Since pictures are not wanted in the copy, output only the rest of each record exactly.

--- START ---

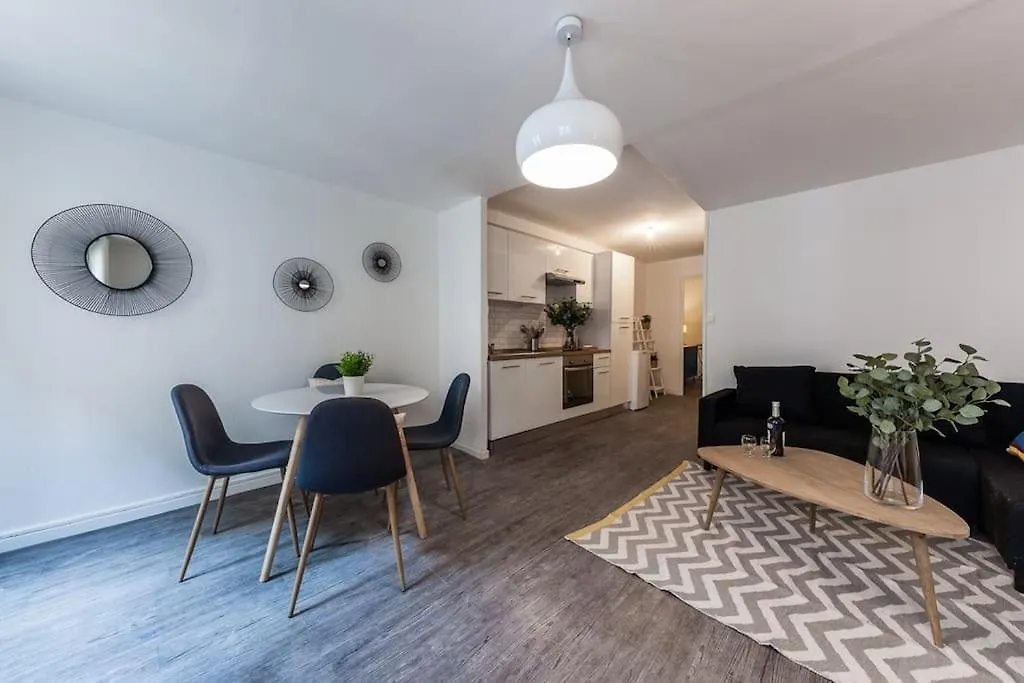 Elegant Appartement Au Panier 3Em マルセイユ フランス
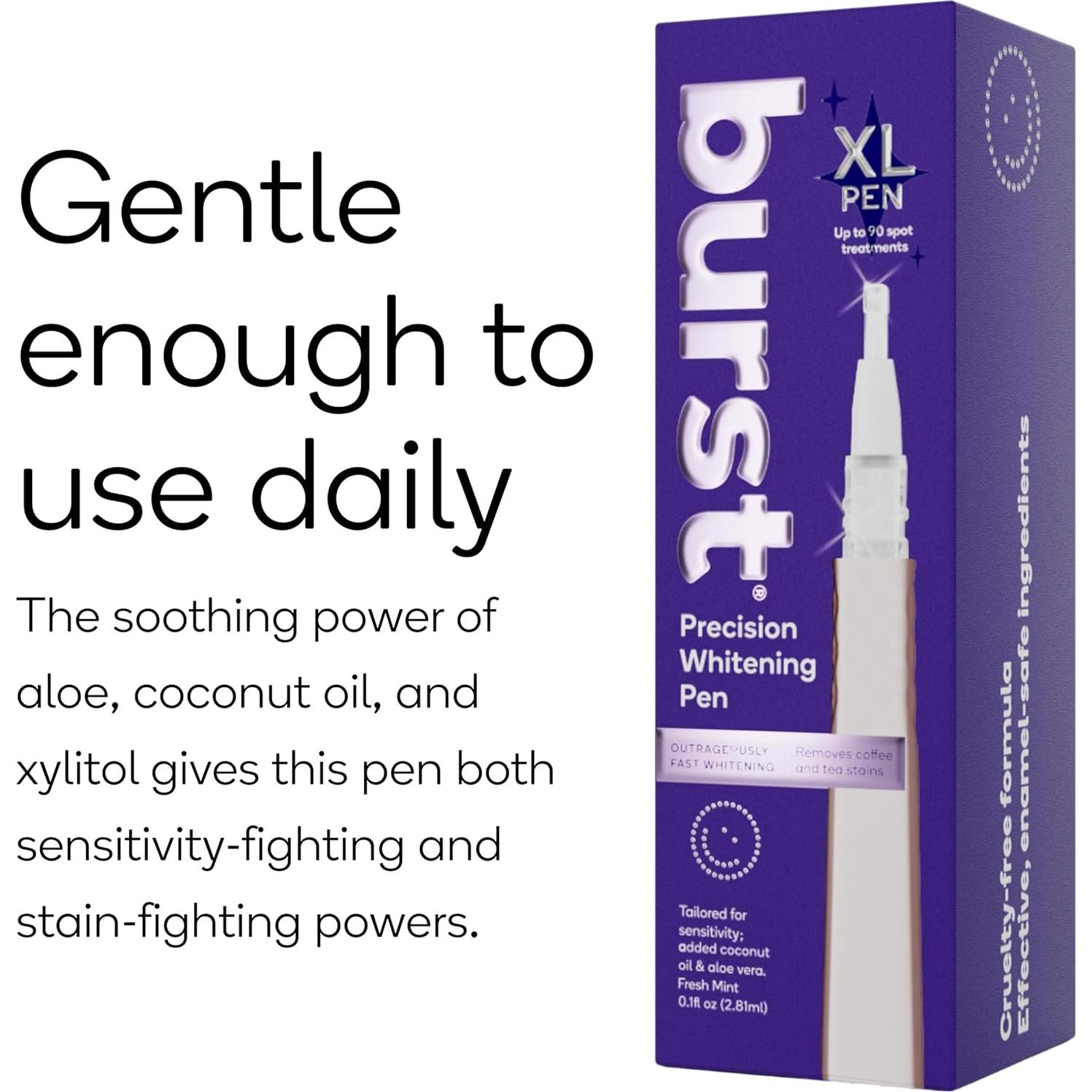 Bolígrafo Blanqueador Burst 9% HP Oro Rosa - 45 Tratamientos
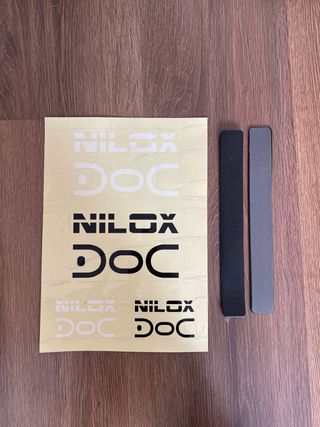 Hoverboard Nilox 6.5 10 Km/h verde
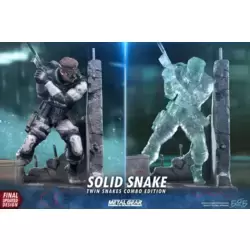 Solid Snake Twin Snakes Combo Edition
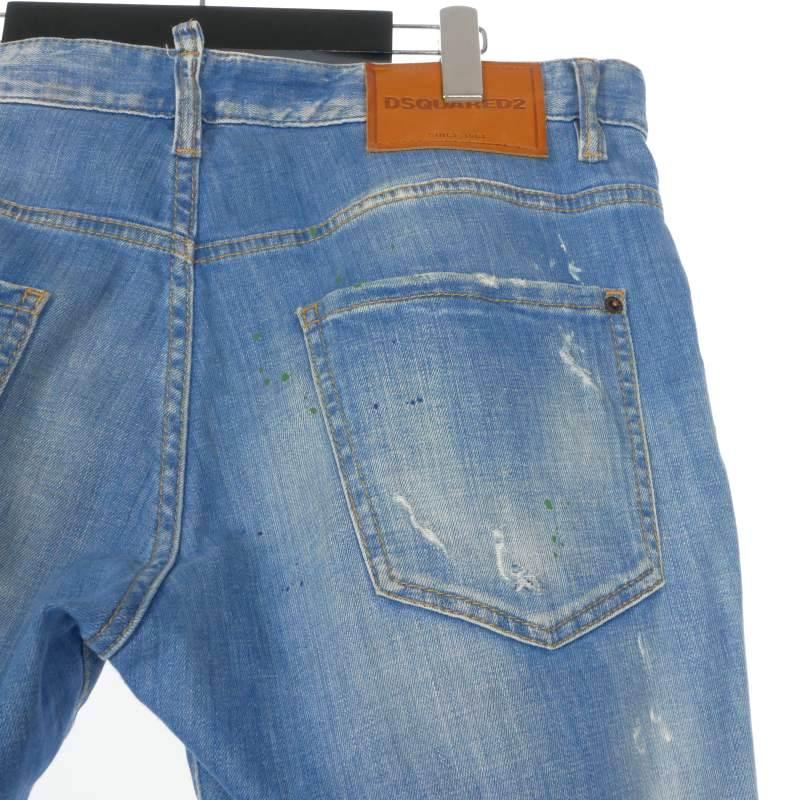 DSQUARED2（ディースクエアード） DSQUARED2 21SS Skater Jean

--- END ---

Exercise response:
 Elegant Appartement Au Panier 3Em マルセイユ フランス
 Bolígrafo Blanqueador Burst 9% HP Oro Rosa - 45 Tratamientos
 Hoverboard Nilox 6.5 10 Km/h verde
 Solid Snake Twin Snakes Combo Edition
 DSQUARED2（ディースクエアード） DSQUARED2 21SS Skater Jean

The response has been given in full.